Automation wires tools together so a workflow runs with little human input. Prompt engineering is about the quality of what the AI produces at each step, the instructions that decide whether the output is usable or junk. They pair up well: good prompts are often the engine inside an automation. But you can hire prompt engineering on its own to fix the AI tools your team already uses by hand, without building any automation around them.

You can, and for casual use you should. Where a freelancer earns their keep is the work that follows: making a prompt reliable across dozens of different inputs, stopping the model from drifting off-brand or making facts up, and structuring it so a teammate gets the same result without being an AI whiz. It's the difference between a prompt that works once when you fluke the wording and a template the whole team can lean on every day.

Anywhere you do the same AI-assisted job repeatedly: drafting quotes and proposals, replying to common enquiries, writing product descriptions to a set format, summarising meeting notes, or turning one piece of content into versions for each channel. A tuned prompt turns a 20-minute task into a two-minute one and keeps the output consistent, while a person still reviews and signs off anything customer-facing.

The main models: ChatGPT, Claude and Gemini, plus Microsoft Copilot if that's where your team works. The prompts can live as saved templates, as custom GPTs or Claude Projects loaded with your context, or inside whatever tool your workflow runs on. A good freelancer writes prompts that hold up on the model you actually use and notes where they'd need adjusting if you switch tools, since each one responds a little differently.

That's the core of the job. The freelancer feeds the prompt your real examples, your tone, the words you use and the ones you don't, then tests it until the drafts come back sounding like you. The prompt does the heavy lifting to about 80 per cent and a person on your team always edits and signs off the last stretch, so the voice stays yours. The AI amplifies your team's output, it doesn't put words in your mouth unchecked.

A single well-tuned prompt or template can be built and tested in a few days. A library covering several jobs across your business usually takes 1 to 3 weeks, since the testing across real inputs is what makes prompts reliable and that can't be rushed. Plan to refine them over the first few weeks of real use as you spot edge cases the testing didn't catch.
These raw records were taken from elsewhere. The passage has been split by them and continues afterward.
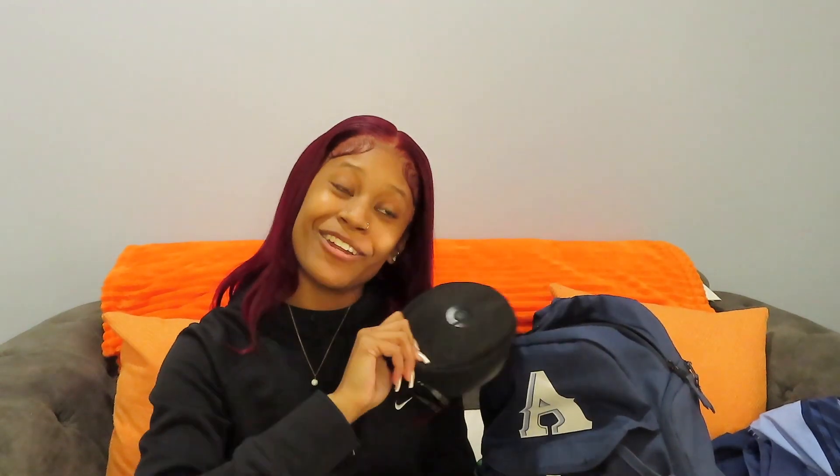Next, I see my headphones on top. Can't go nowhere without these. I wear these when I'm trying to get locked in — when I'm warming up, just when I'm in my zone. Put these on, can't hear nothing. Just focused and locked in.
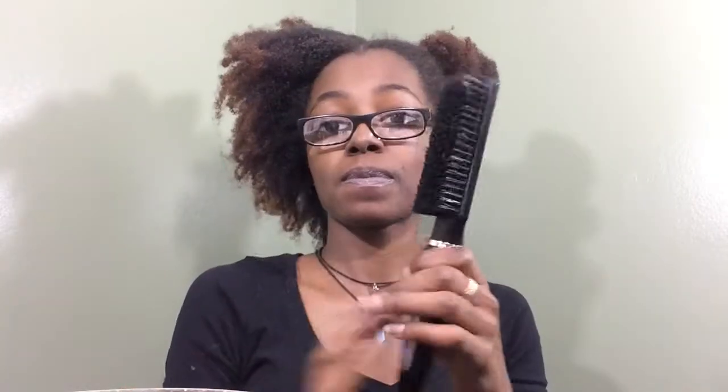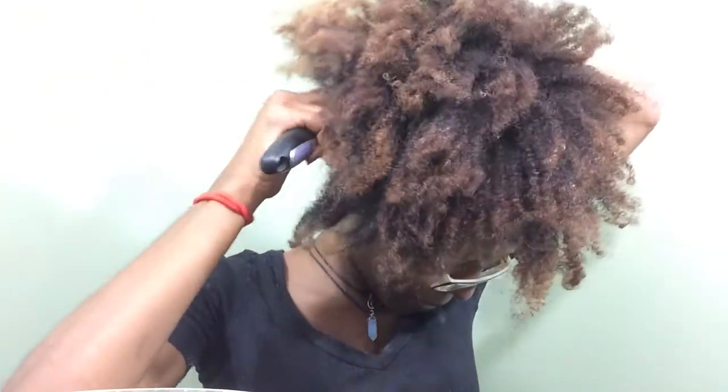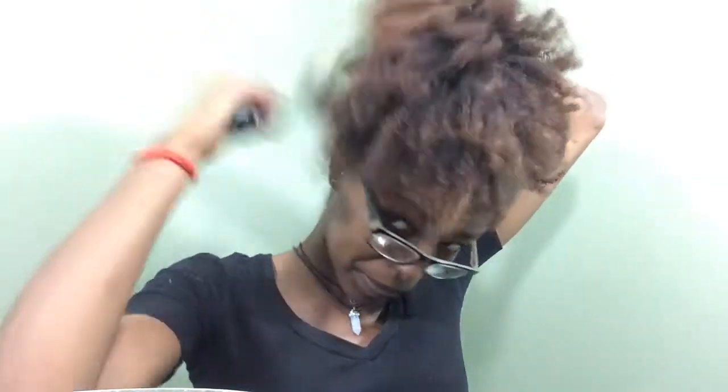Next I'm going to use a harder brush on the back of my head because it just lays those hairs down better — and hey, it works. I'm showing you guys not to use it on the edges though.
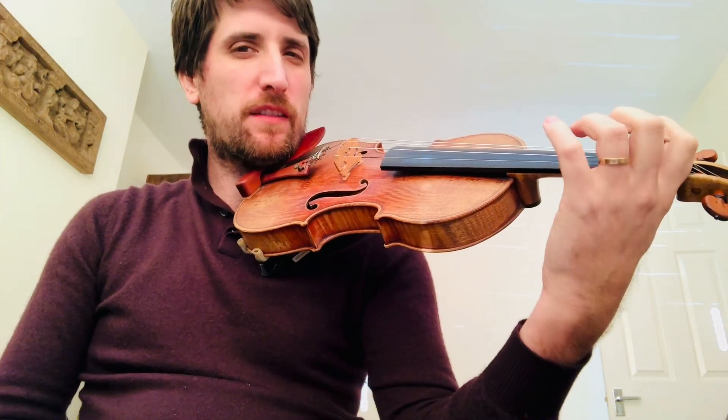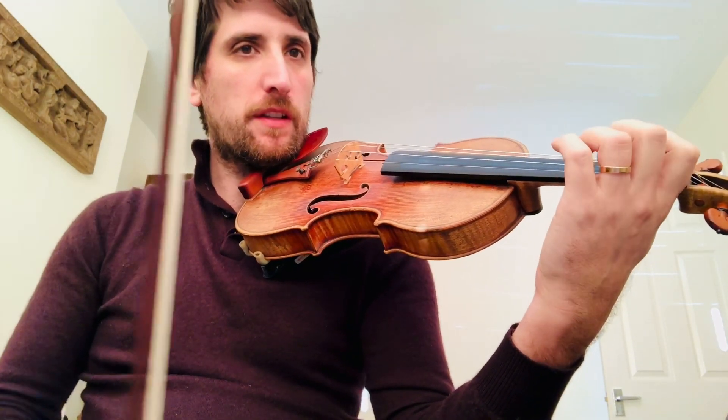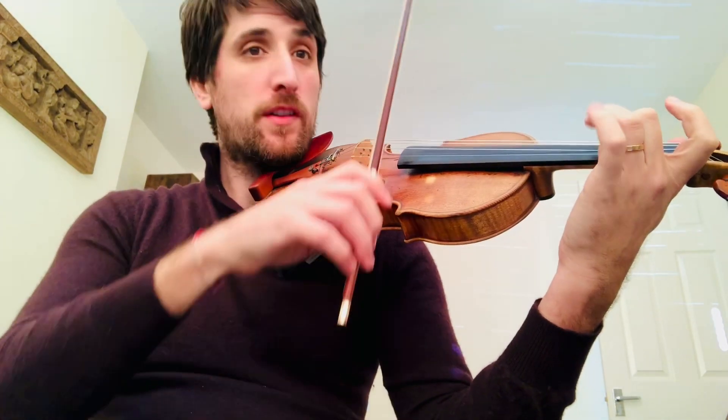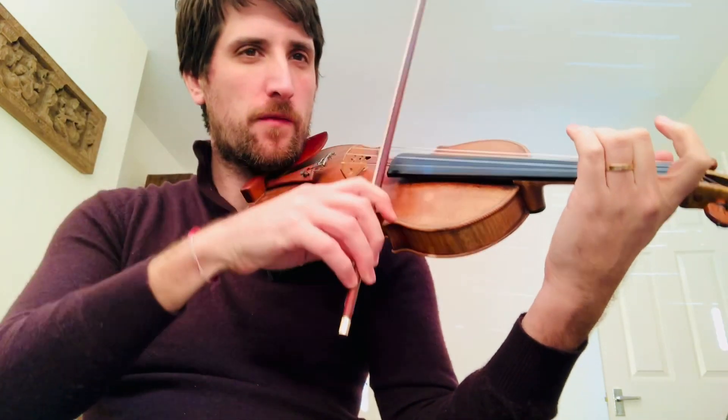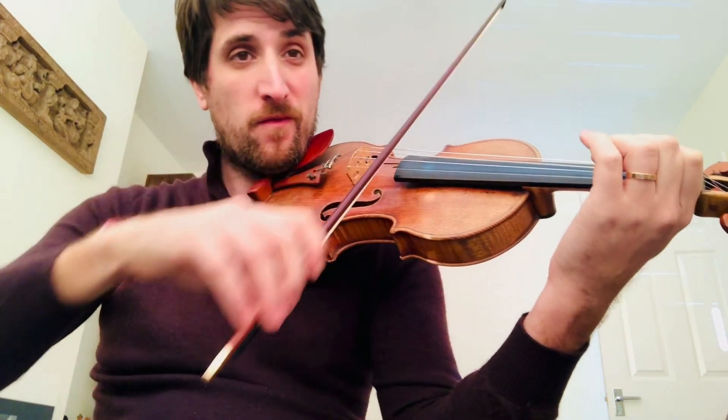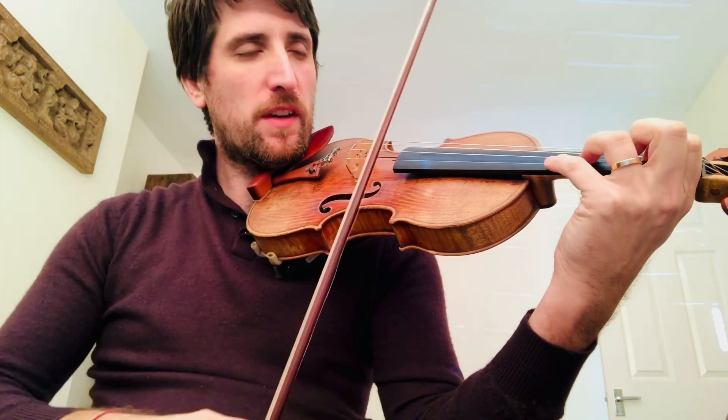So this study is in A major, and because of that the intonation is a bit tricky with the sharps, but again there's a lot of ringing notes, and lots of open strings to check the intonation.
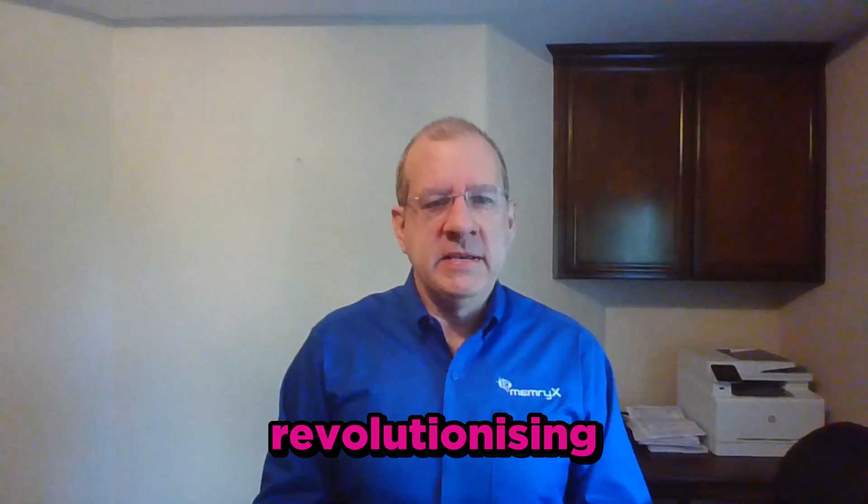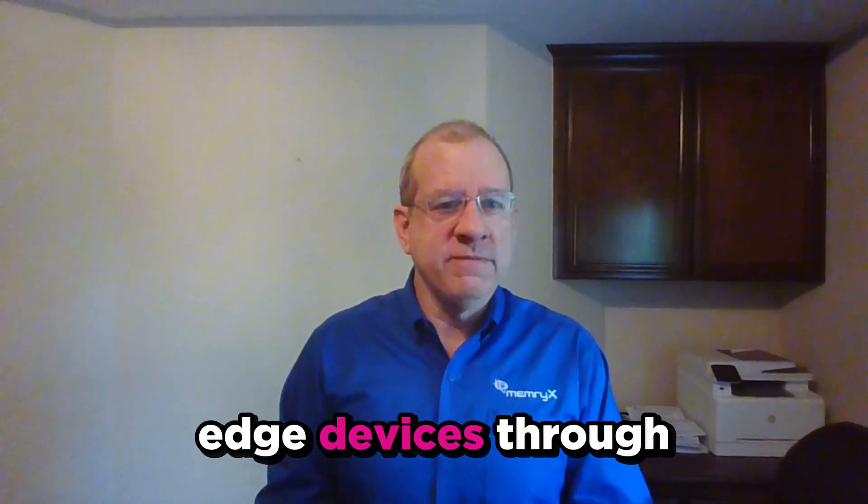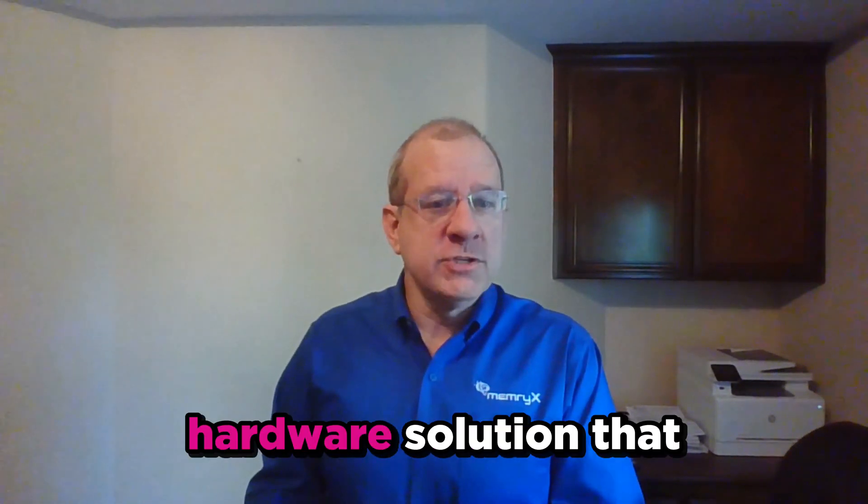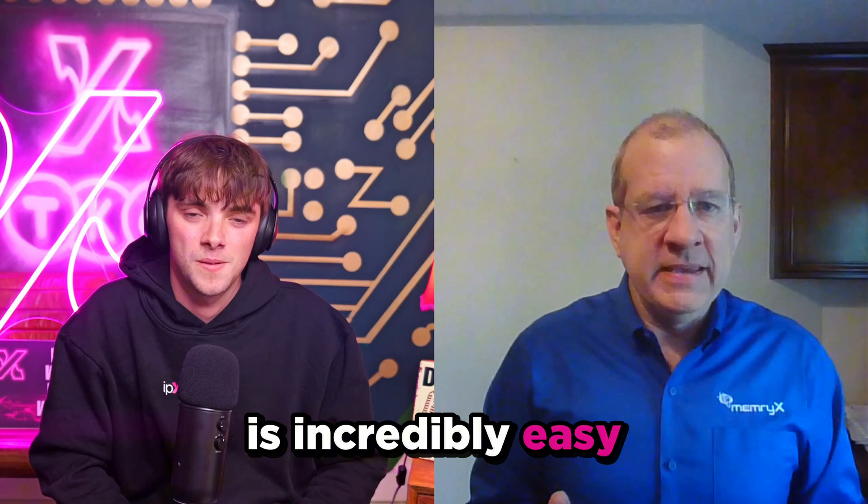MemoryX is revolutionizing edge AI through a high-performance, low-power edge AI hardware solution that is incredibly easy to deploy. Today, we are with MemoryX and Roger Peen to talk about their AI Accelerator Chips. Roger, can you start by telling us what is an AI Accelerator Chip?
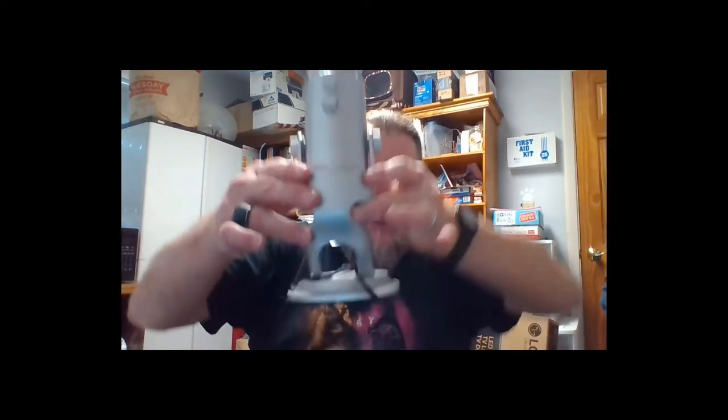In case I didn't show you — it's actually got standard threading, so you can put it on a mic stand, a regular mic stand, or a little articulating arm or whatever. The stand it's on has cable management running through the back of it.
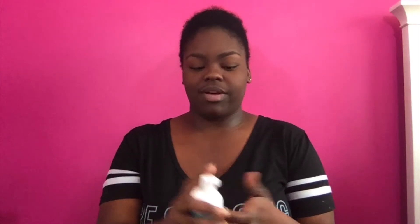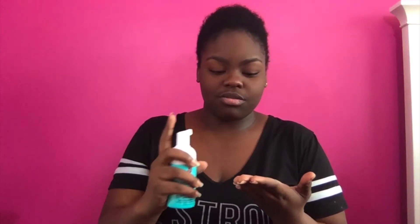That way it's evenly distributed and I know how much each pump is. This mask you can find at Sephora or you can order it from them — it's really up to you. So let's go ahead and get started.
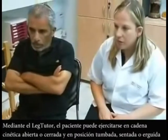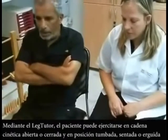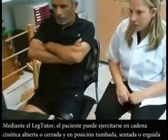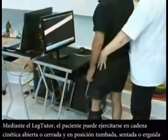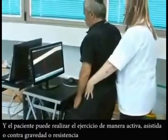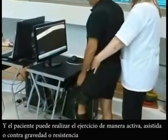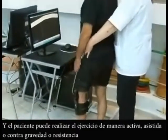Exercising with the Leg Tutor can be either open chain or closed chain, as the Leg Tutor can be used in the lying, sitting or standing position. The patient can also perform the exercises as assisted active, active, or against gravity and resistance exercise practice.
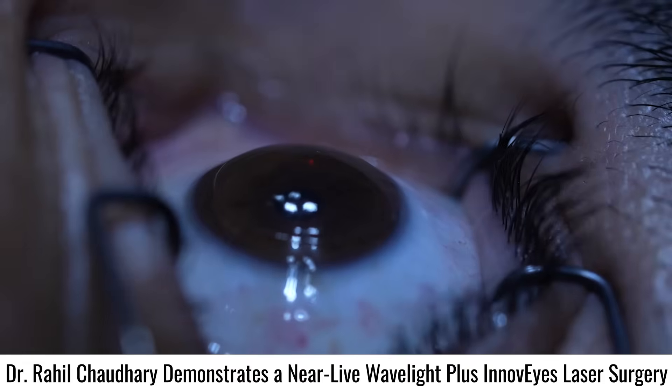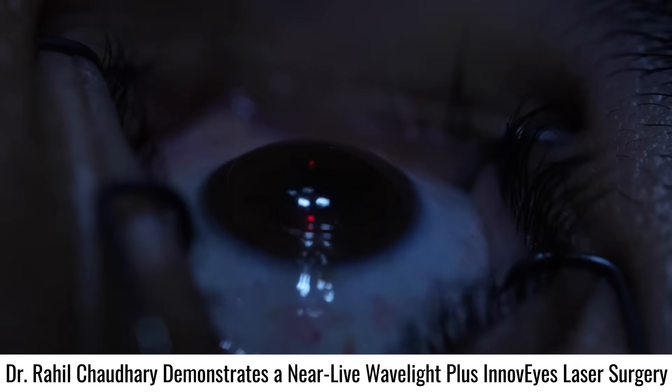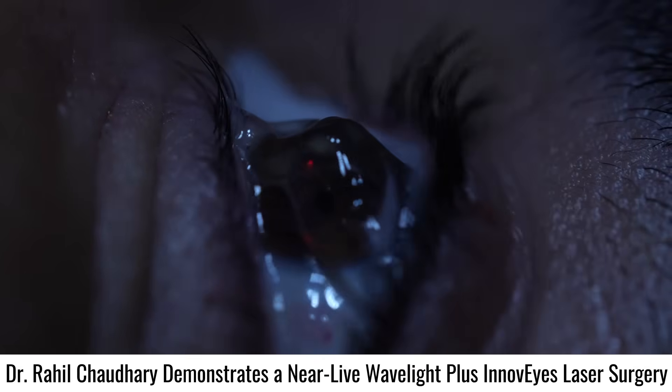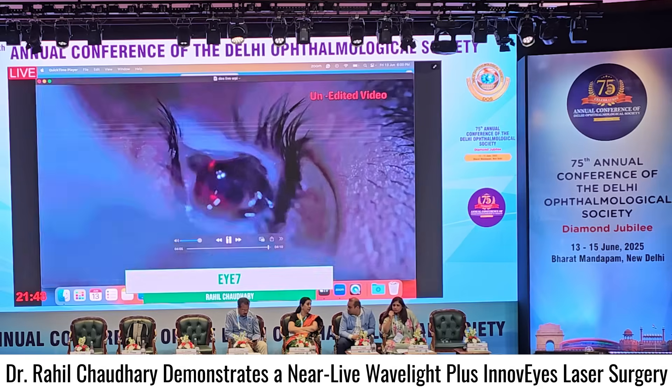Just waiting for two minutes, and then a drop of antibiotic steroid, lubricating gel, and the surgery is complete. Thank you.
A single prompt or template in Australia might run a few hundred dollars, while a documented prompt library covering several jobs typically sits at $1,000 to $3,500, depending on how many use cases and how much brand and guardrail work is involved. It's often folded into a broader AI setup gig too. Post the gig with the jobs you want reliable AI output for and compare bids from local freelancers.

Ask to see prompts or prompt systems they've built and the before-and-after in output quality. A good one talks about your specific jobs and how they'd test for reliability, not just clever wording tricks. Check they document the prompts plainly so your team can run and edit them once the gig's done, and read their verified reviews on Unjumble before you pick.

Post a prompt engineering gig in under five minutes. Describe the work, set your budget and timeframe, and choose whether it's time-based or outcome-based. Local freelancers send a bid with a quote, you compare their profiles, portfolios and verified reviews, then pick the one that fits. Posting is free, so you only pay for the work.

Every gig is split into stages you both agree on up front. You fund each stage before the work starts and it's held securely through Stripe, then released once you sign off. No chasing invoices, and no paying for work that's not done.